- _Given material_:
════
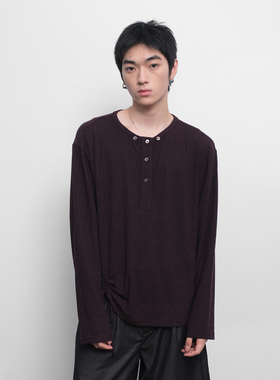 SoleMass Plaid Hood 可拆卸格子连帽长袖 飘带褶皱 宽松圆领上衣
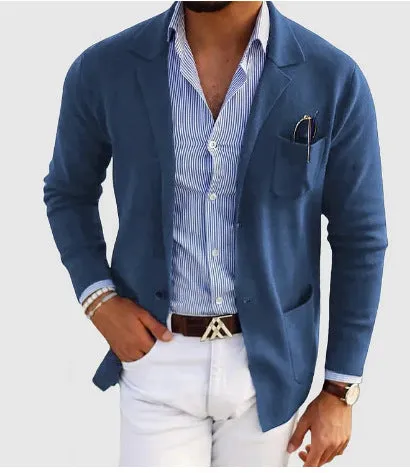 Men's solid colour polyester double button leisure jacket, long sleeve, available in multiple colours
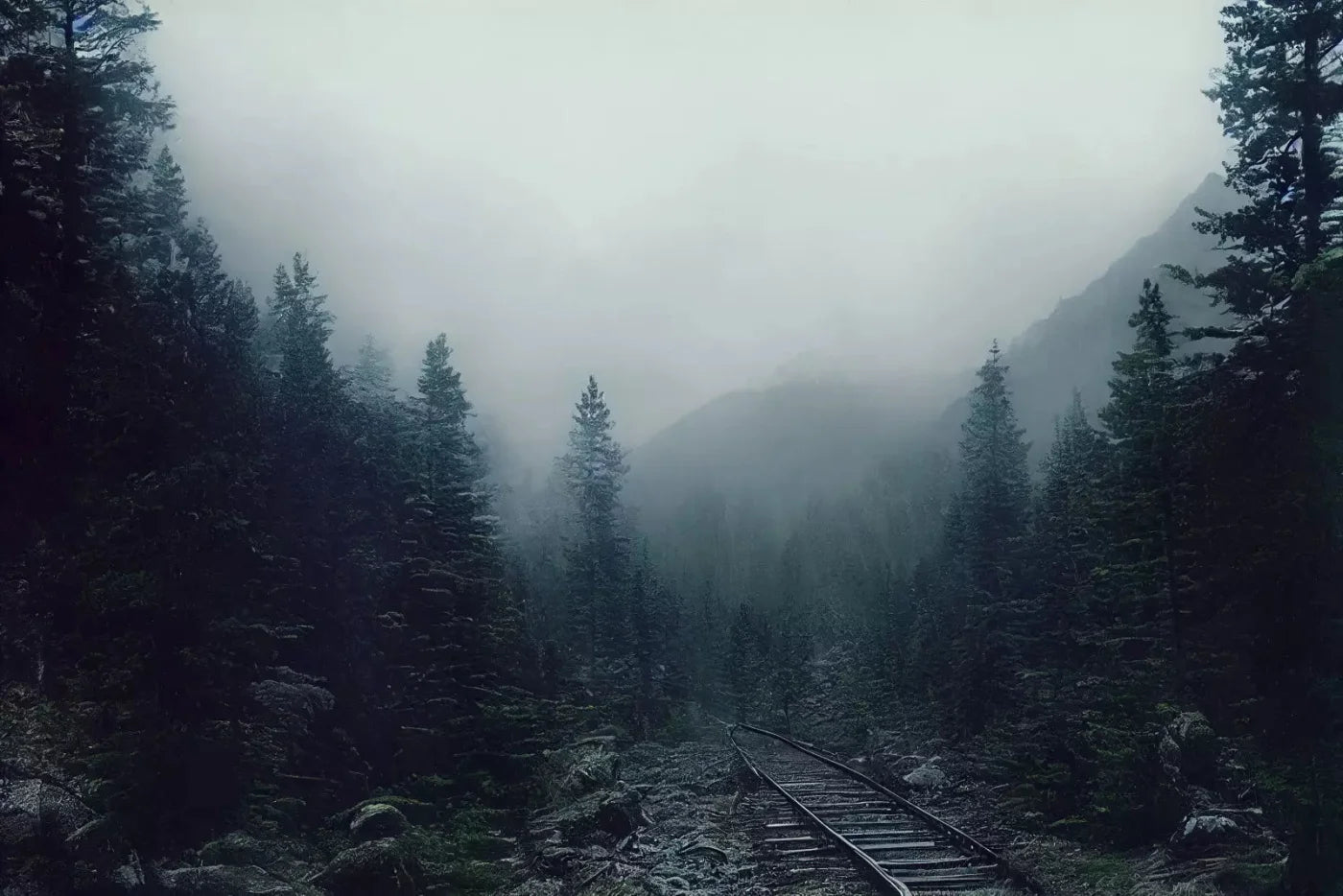 Railroad Haze 5X4 Rubbermat Floor ( 60 X 48 Inch ) Backdrop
════
- _Exercise brief_:
Retype the whole listing, keeping every line identical and omitting all pictures.

- _Task solution_:
 SoleMass Plaid Hood 可拆卸格子连帽长袖 飘带褶皱 宽松圆领上衣
 Men's solid colour polyester double button leisure jacket, long sleeve, available in multiple colours
 Railroad Haze 5X4 Rubbermat Floor ( 60 X 48 Inch ) Backdrop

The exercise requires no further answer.